#### [Records supplied]

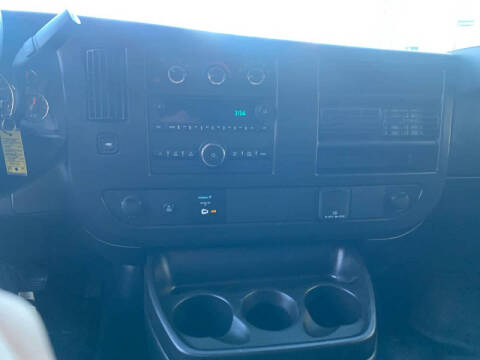 2024 Chevrolet Express 2500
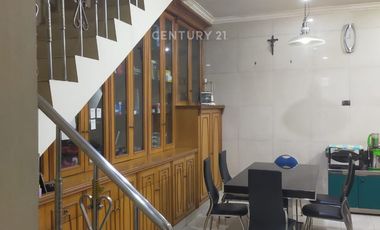 Rumah Strategis One Gate Akses Di Sunter Indah R2244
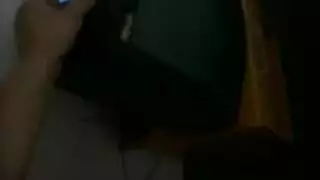 نك بنتين مع بعض قدام الباب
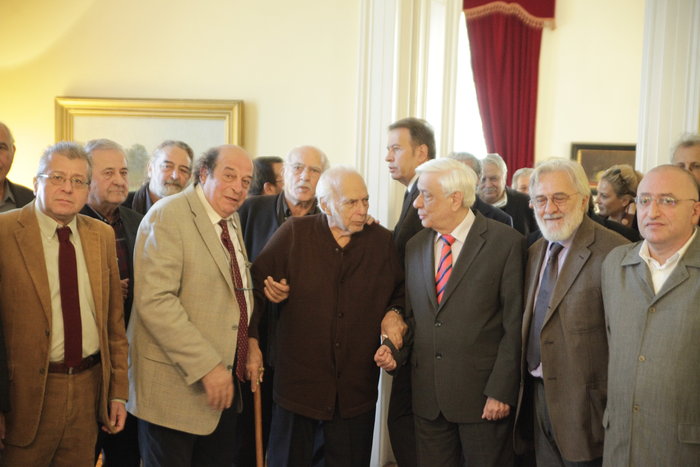 Δεύτερος από αριστερά Μ. Μανουσάκης, δίπλα του, Ν. Κούνδουρος, Πρ. Παυλόπουλος, Γιάννης Σμαραγδής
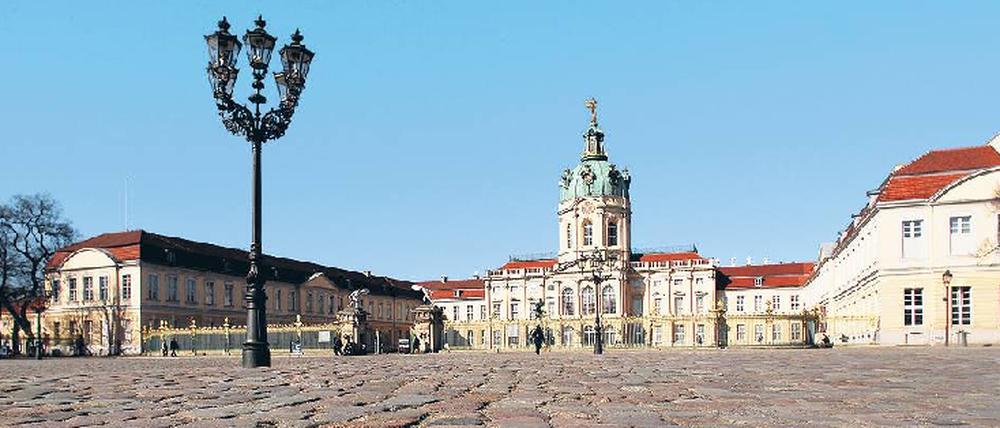 Platz für 75.000? So viele sollen vors Schloss passen, wenn der Papst kommt. Das glaubt die Kirche. Es würde zumindest eng werden zwischen dem Zaun vor dem Ehrenhof und dem Spandauer Damm.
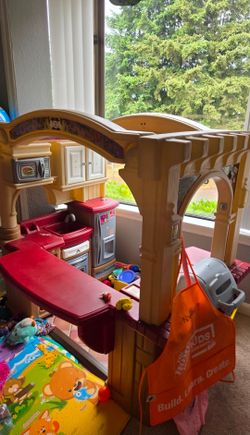 Kitchen (Little Tikes)
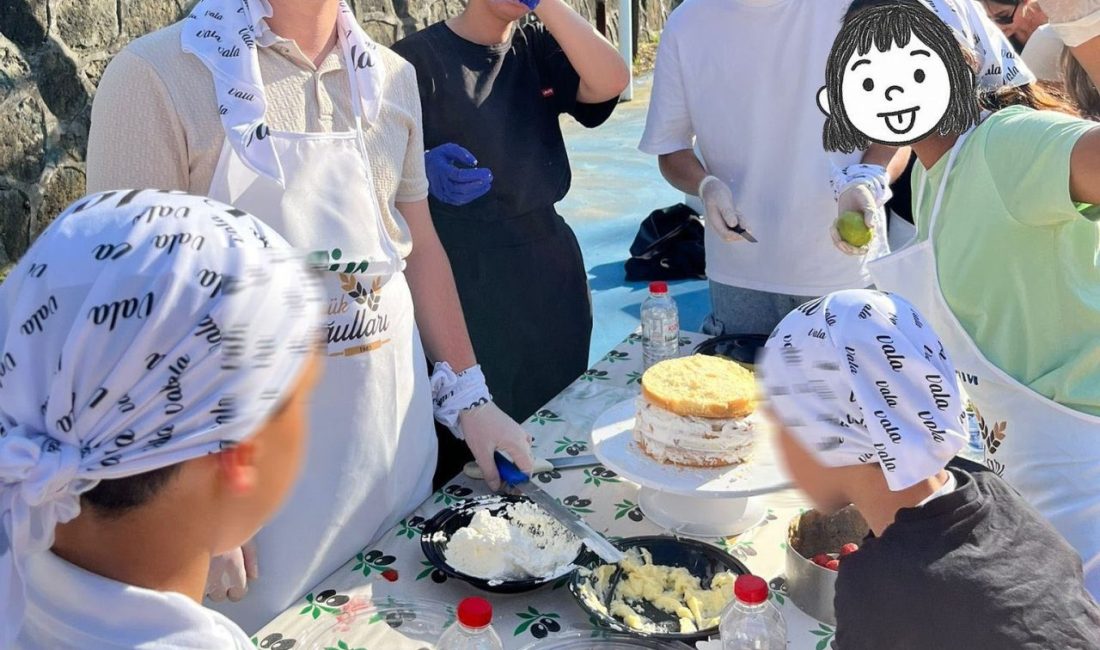 Kocaeli Üniversitesi Gazanfer Bilge Meslek Yüksekokulu’nda düzenlenen “Pasta Şenliği” etkinliğinde,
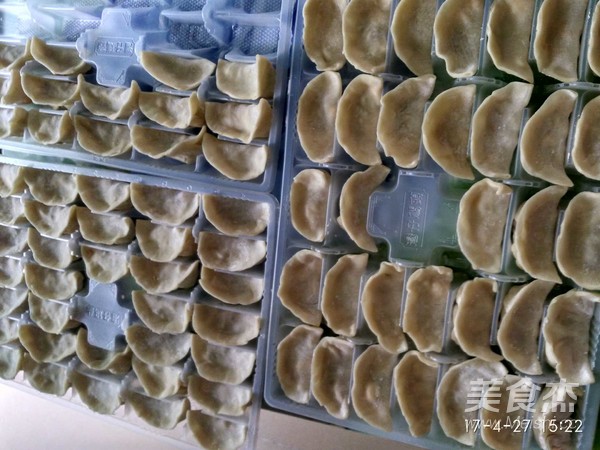 教你包餃子的做法-其它口味其它工藝菜譜-易網健康養生網 教你包餃子的做法-其它口味其它工藝菜譜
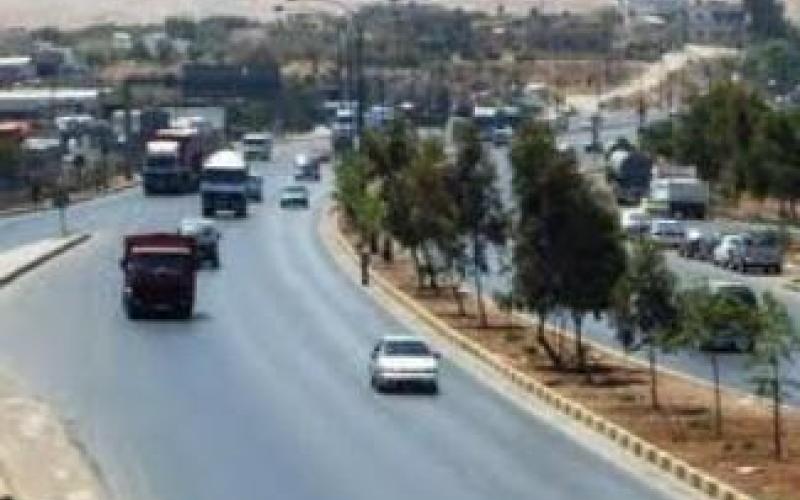 وفاة شخصين وإصابة 10 بحادث تصادم بين 3 مركبات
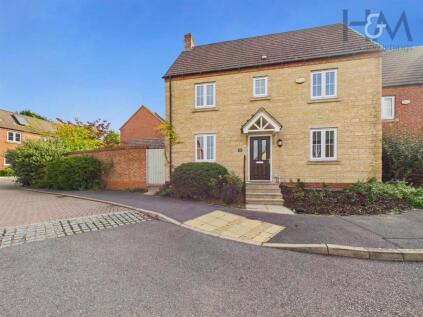 Paddock Close, Silverstone, Towcester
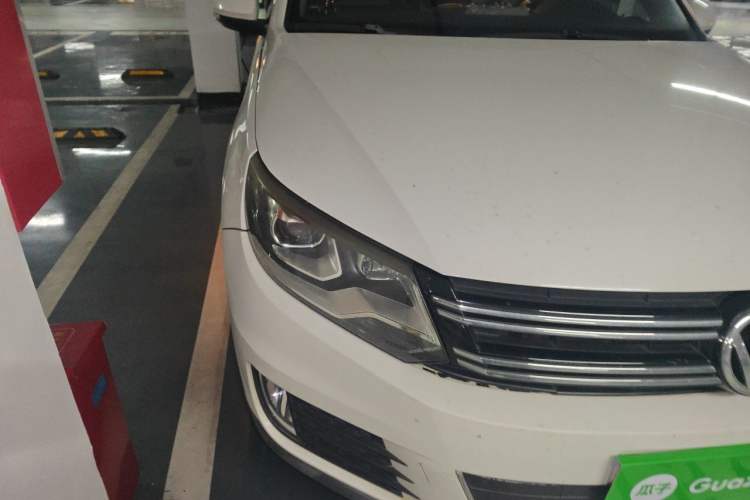 Used Volkswagen Tiguan 2013 1.8 TSI Automatic All-Wheel Drive Luxury Model Right Front Headlight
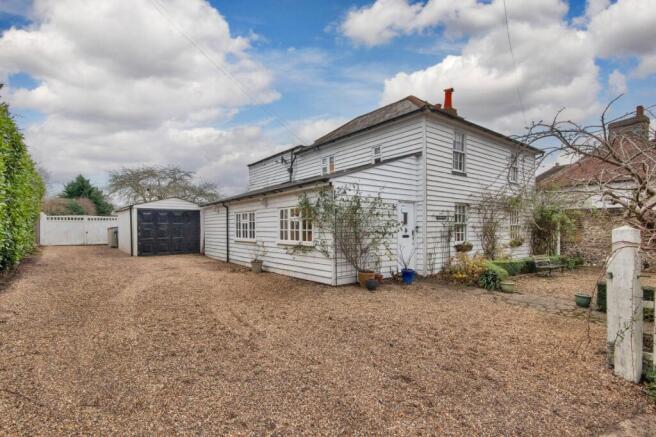 Drive, Garage & Gate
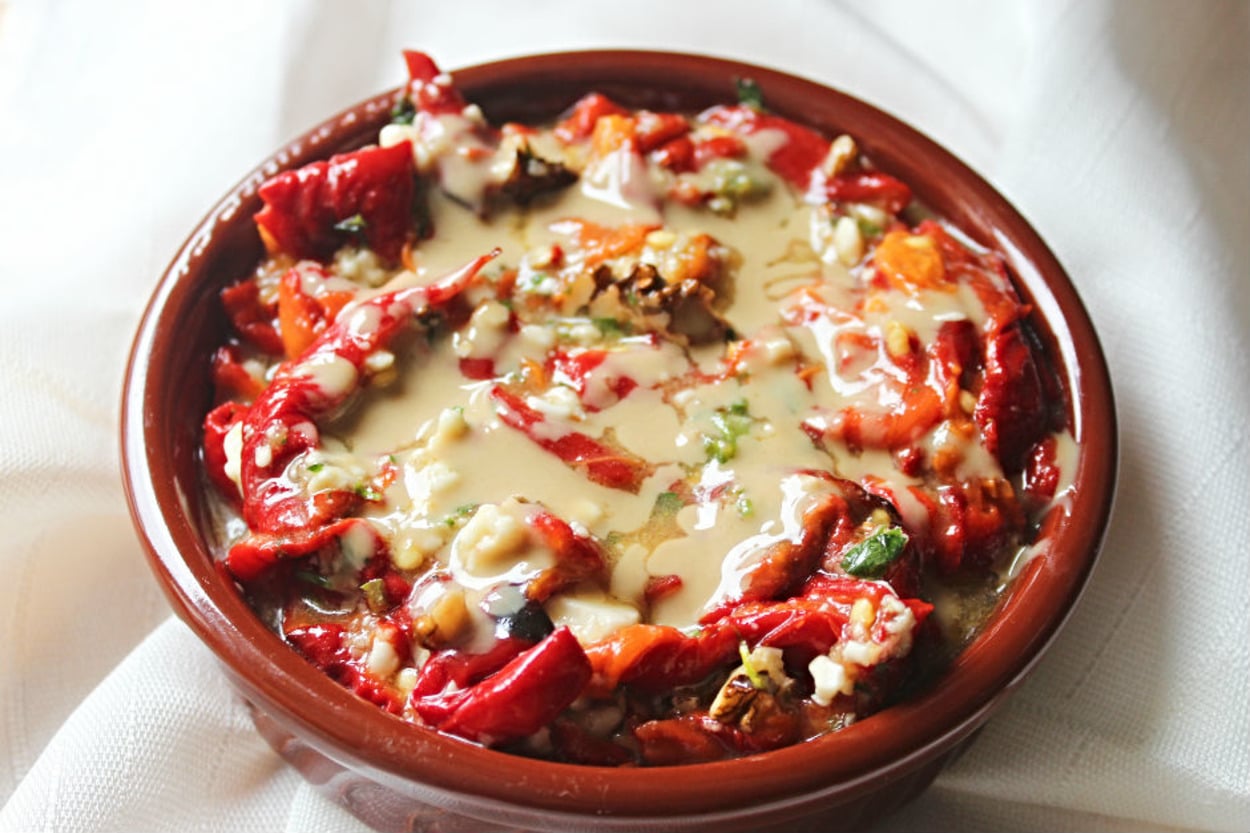 Harika Bir Meze: Tahinli Köz Kırmızı Biber Mezesi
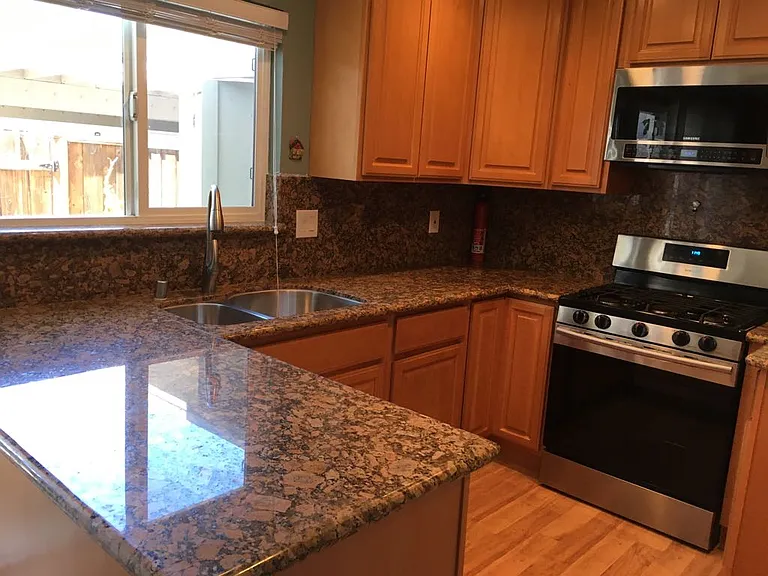 4501 Guiso Cmn — Photo 14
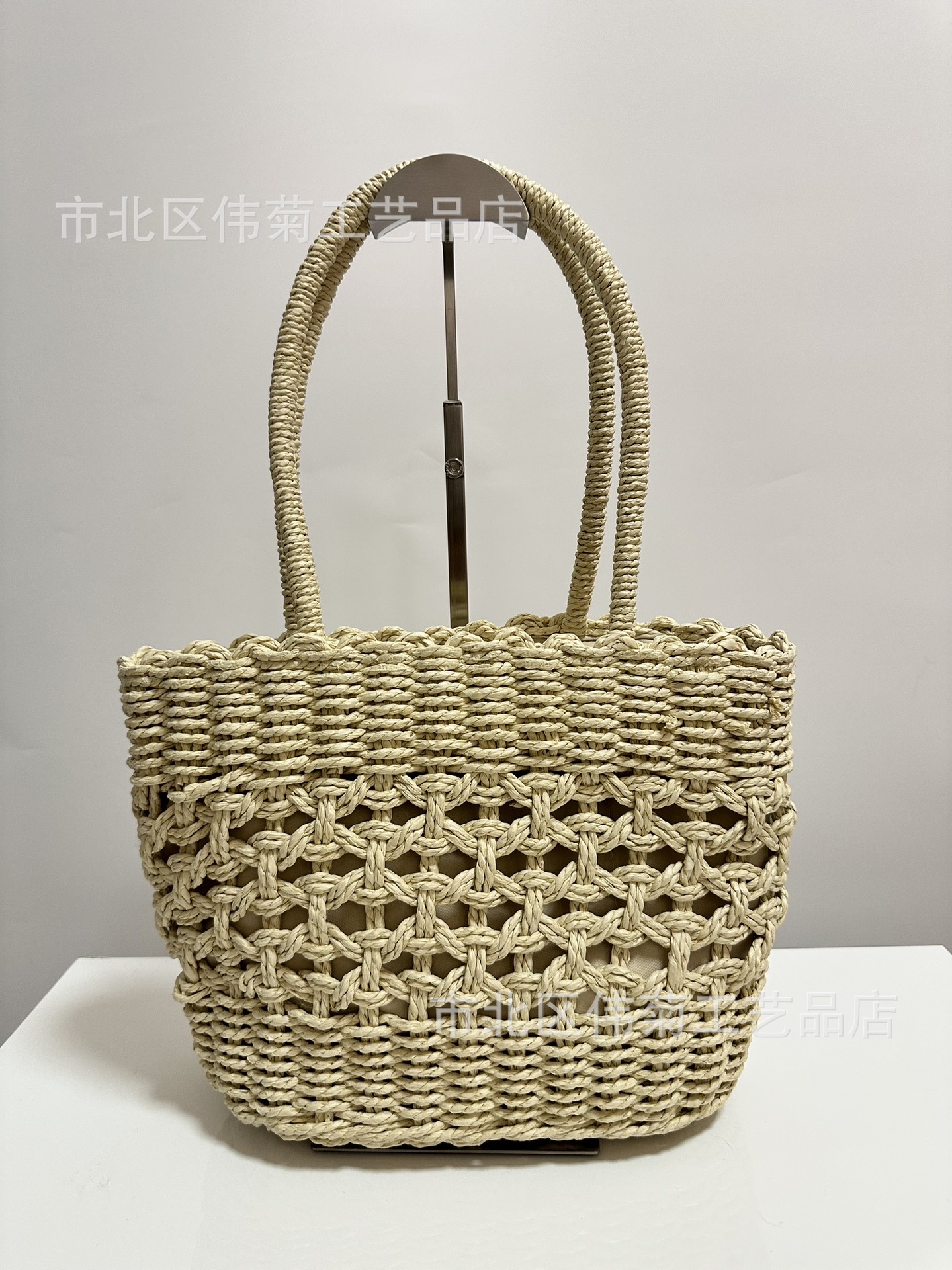 Handheld straw bag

#### [Your objective]
What you return must match, line for line, the records from the line containing "Used Volkswagen Tiguan" through their end, with both ends included and no pictures.

#### [Your response]
 Used Volkswagen Tiguan 2013 1.8 TSI Automatic All-Wheel Drive Luxury Model Right Front Headlight
 Drive, Garage & Gate
 Harika Bir Meze: Tahinli Köz Kırmızı Biber Mezesi
 4501 Guiso Cmn — Photo 14
 Handheld straw bag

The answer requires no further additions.